The Financial Analysis - In addition to the "Five C's," a prospective lender will use four primary financial statements to make a credit decision.

A Personal Financial Statement
- Indicates your net worth. Each partner or stockholder owning a substantial percentage (20% or more) of the business should submit one. A personal financial statement is important to the lender, particularly if you have never received financing for your business before, because it gives the lender evidence of personal assets you could pledge to secure a loan.

The Balance Sheet - Provides you with a snapshot of your business at a specific time, such as the end of the year. It keeps track of your company's assets, or what the company owns (including its cash), and the company's debts, or liabilities (generally loans from others).
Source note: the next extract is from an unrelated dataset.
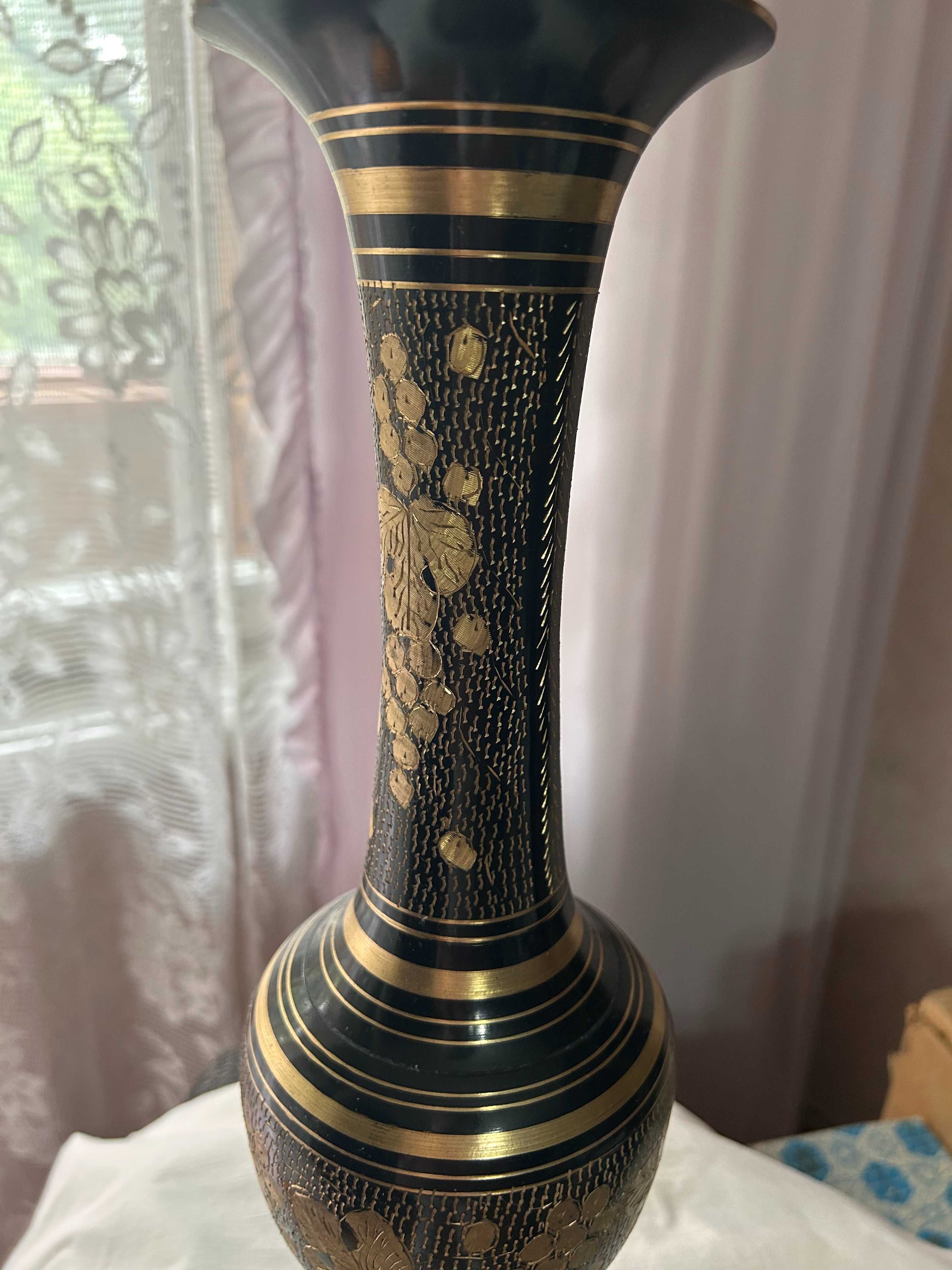 Продам вазу Индия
It also shows the capital, or equity, put into the business. This balance sheet is an example of a statement for a small, hypothetical food manufacturer called F.E.D. Foods Company.

The Profit and Loss Statement - Shows the profit or loss for the year. The profit and loss statement, also called the income statement, takes the sales for the business, subtracts the costs of goods sold, then subtracts other expenses. This is a profit and loss statement for F.E.D. Foods Company.

The Statement of Cash Flows - Presents the sources of cash in your business from net income, new capital, or loan proceeds versus the expenditures, or uses of the cash, over a specified period of time. An example of the cash flow statement for F.E.D. Foods Company is shown below.

It's at this stage that you will appreciate having an effective accounting system. Without this system, you won't know if you are profitable or not, let alone if you are liquid enough to pay for the next order of merchandise. A good system also will help you track your company's growth and anticipate future cash needs.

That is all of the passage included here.